The smell makes me smile. It’s faint, but as I walk down James Street, it gains strength. Ghosting over the black gates, swilling around old steeples and 21st-century cranes, its toasty, porridge-like pungency nests in my nostrils. Some Dubliners love it; some hate it. But we all know it instantly: it’s the smell of barley roasting in Guinness’ St James’s Gate Brewery.

“That’s how The Liberties neighbourhood smells a couple of hours a day, my friends,” says tour guide Shane McCann on a tour of the newly opened Roe & Co Distillery. “Tourists wonder what’s going on.” 

The Liberties is home to the Guinness Storehouse, Ireland’s most-visited tourist attraction, but the Black Stuff is far from the only drink on offer round these parts — Ireland’s craft spirits boom has seen several new whiskey distilleries open up in recent years. A couple of minutes’ walk from Roe & Co is Pearse Lyons Distillery in the former St James’ Church; copper stills sit in its nave and a glass spire lights up seductively at night. Nearby Newmarket is home to the Teeling Whiskey Distillery, whose bottles can be found in every pub in Dublin.

Dublin has form with whiskey. In the 1800s, a small area of the city known as the ‘Golden Triangle’ was a global powerhouse, with brands like Jameson, Powers and George Roe (for which Roe & Co is named) known all over the world. But a failure to modernise, the rise of Scottish whisky, war at home and Prohibition abroad combined to create what’s often referred to as ‘a lost century’. 

However, tides are turning. In 1980, just two working distilleries remained on the island; today, there are 30.  

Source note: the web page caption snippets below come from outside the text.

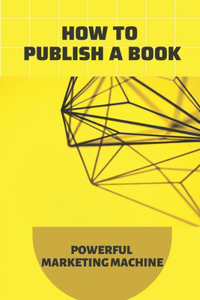 How To Publish A Book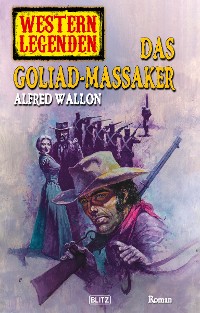 Cover Western Legenden 24: Das Goliad-Massaker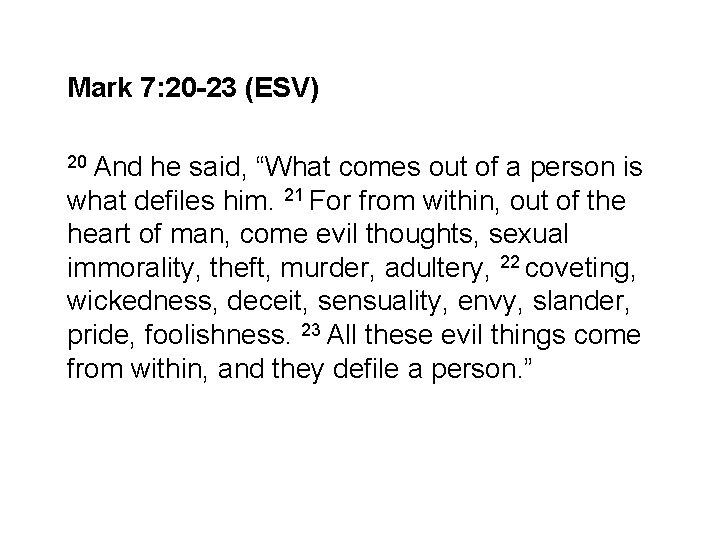 Mark 7: 20 -23 (ESV) 20 And he said, “What comes out of a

Continuing the tour, Shane leads us to a flavour workshop. The aim is to “demystify cocktails a little,” he says, encouraging us to blend whiskey and ice with sweet, sour and salty additions. “Bar menus can be confusing. Some guys light their drinks on fire, others throw orange peel all over the place — and it all makes you just want to run out the door.”

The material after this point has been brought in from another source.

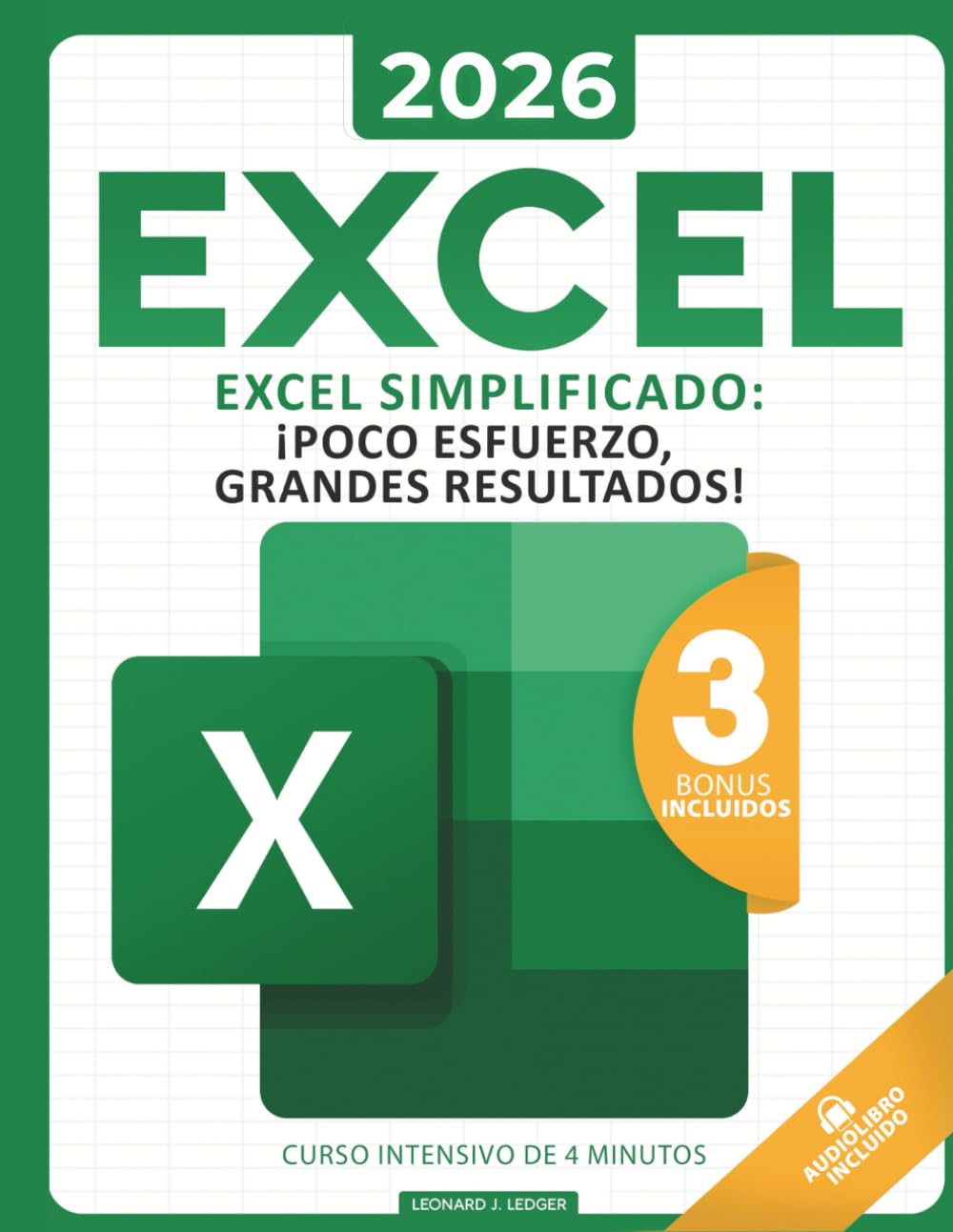 Excel Simplificado: La Guia Completa Para Aprender Todas las Funciones, Formulas y Mucho Mas en Solo 5 Dias I Nuevos Consejos y Trucos Secretos Con Ilustraciones, Ejemplos, y Ejercicios . book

What’s remarkable is the neighbourhood in which this story is unfolding. “The Liberties is a living, breathing village,” says Liz Gillis, a historian who takes me on a walking tour of the area. Turning one corner, we see a chunk of medieval city wall. Turning another, we pass Variety Jones, a hip new restaurant with one Michelin star. Meath Street, with its street vendors, feels like a small town where everyone knows one another (“they know your secrets as well!” Liz laughs). But there are new hotels and apartment complexes, too. Cranes hover over a skyline once dominated by church steeples; debates about gentrification are in full swing. I ask Liz how she feels about the development in the area. “There’s nothing wrong with change,” she muses. “They just don’t have to go knocking everything down. It’s about an interaction of both.”

Back at Roe & Co Distillery, Shane invites us to open a wooden box. It’s filled with jars of clove drops and toffee, whose notes we seek out in whiffs of whiskey. Momentarily, the smell of barley slips my mind.

More info: Distillery tours in The Liberties can be taken at Roe & Co, Pearse Lyons and Teeling.